----- Original Message ----- From: "Braddock Gaskill" <braddock@braddock.com> To: <boost@lists.boost.org> Sent: Monday, April 14, 2008 12:33 AM Subject: Re: [boost] Review Request: future library (Gaskill version)
On Thu, 10 Apr 2008 21:53:33 +0200, vicente.botet wrote:
How do your library positions with respect to the standard proposals? N2561 Anthony Williams: An Asynchronous Future Value
I've now taken a good look at the recent C++0X N2561 "An Asynchronous Future Value" proposal.
Both my library and N2561 are heavily based on Peter Dimov's earlier API... I dare say a few method name changes would make N2561 a proper subset of my future and promise classes and future_wrapper helper.
I thought that the future and promise separation was proposed by Christopher Kohlhoff http://www.nabble.com/-futures--composite-or-to9069443.html#a9473680 :) I think that you should add the reference to his post.
I'm disregarding the future C++ move semantics, of course. We need a future<C++0x>::wait() for that... :)
unique_future<T> is an interesting concept. Still wrapping my head around that.
Me too. There is still the packaged_task class. What do you think about?

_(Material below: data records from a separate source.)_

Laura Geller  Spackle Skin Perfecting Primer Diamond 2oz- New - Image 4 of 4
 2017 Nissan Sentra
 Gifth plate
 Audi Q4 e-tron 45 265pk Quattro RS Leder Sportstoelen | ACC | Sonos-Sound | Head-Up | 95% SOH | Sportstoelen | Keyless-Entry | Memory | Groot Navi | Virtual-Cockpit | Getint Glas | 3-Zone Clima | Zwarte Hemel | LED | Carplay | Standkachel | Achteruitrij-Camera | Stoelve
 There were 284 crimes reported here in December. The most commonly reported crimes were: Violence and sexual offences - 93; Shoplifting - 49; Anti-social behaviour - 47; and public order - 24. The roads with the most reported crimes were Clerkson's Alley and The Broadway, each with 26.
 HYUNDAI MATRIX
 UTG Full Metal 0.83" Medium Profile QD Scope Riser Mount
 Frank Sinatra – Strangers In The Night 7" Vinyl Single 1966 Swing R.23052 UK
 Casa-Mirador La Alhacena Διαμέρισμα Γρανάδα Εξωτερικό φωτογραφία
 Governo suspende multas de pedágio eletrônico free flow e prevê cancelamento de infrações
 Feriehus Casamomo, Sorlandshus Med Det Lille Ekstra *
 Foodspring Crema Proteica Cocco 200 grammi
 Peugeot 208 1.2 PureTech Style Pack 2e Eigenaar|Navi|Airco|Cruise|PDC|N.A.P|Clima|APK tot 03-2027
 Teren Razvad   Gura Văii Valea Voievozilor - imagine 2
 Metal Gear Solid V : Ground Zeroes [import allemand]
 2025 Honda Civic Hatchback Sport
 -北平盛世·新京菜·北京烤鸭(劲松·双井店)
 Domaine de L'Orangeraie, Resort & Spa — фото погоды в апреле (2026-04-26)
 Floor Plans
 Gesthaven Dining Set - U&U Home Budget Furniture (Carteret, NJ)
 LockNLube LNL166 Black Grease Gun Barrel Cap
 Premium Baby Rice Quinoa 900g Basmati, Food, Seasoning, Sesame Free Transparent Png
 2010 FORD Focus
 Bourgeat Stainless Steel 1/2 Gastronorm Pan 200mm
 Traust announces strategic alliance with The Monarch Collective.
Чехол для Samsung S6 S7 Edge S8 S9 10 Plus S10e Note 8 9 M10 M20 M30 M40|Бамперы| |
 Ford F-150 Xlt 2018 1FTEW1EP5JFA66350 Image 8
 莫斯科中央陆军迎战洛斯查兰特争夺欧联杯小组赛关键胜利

My base classes offer two features which N2561 does not (and which I would really hope to see in any C++0X standard).
-- 1) First - future<T>::add_callback(f).
add_callback is a hook called when the future is fulfilled. End users probably shouldn't have to touch it, but framework authors (who write schedulers, asio, co-routines, etc) will DEFINITELY need it.
add_callback() enables the following:
-Future Operators ((f1 && f2) || (f3 && f2) etc) - With add_callback, custom future_operators can be written by users.
From the new documentation these operators are already provided by your library. I don't like too much the overloading of the && and || operators when they don't have logical semantics, but this is only a question of style and taste. maybe & and | are less controversal. And find very strange the function op()
-Guarded Schedulers (See my library doc "Future Concept Tutorial" section at http://braddock.com/~braddock/future) - Guards are a fundamental concept in the academic future languages I've studied (see some of Ian Foster's papers on Strand and PCN, for example). I have found you can do some amazing things with a guarded task scheduler (I've implemented one outside the future lib).
I like this usage of guards. Interesting. Could you add the reference in the documentation? I'll take a look.
-Basic "future fulfillment" event notification (ie, just use add_callback as an event handler). Gives you essentially a signals/slot capability. Not a fan.
An alternative to add_callback() would be to provide just the operators themselves - Guards can reasonably be derived from the combination ops.
Any of these mechanisms solve the busy wait in the N2561 motivating example.
I have not found the use of wait in the example ...
-- 2) Second - Lazy Futures.
This is something I picked up from the Oz language future implementation, and have found very useful. Could you add the referece. A Lazy Future essentially flags itself when it is "needed" - ie, when someone is blocked on a f.wait(), and f.get(), or has explicitly called "f.set_is_needed()". This allows, for example, a task to only process _IF_ the result is actually needed.
Again, see my library doc Tutorial where I show how to easily create a "Lazy Job Queue". Permits nice Memoization patterns as well.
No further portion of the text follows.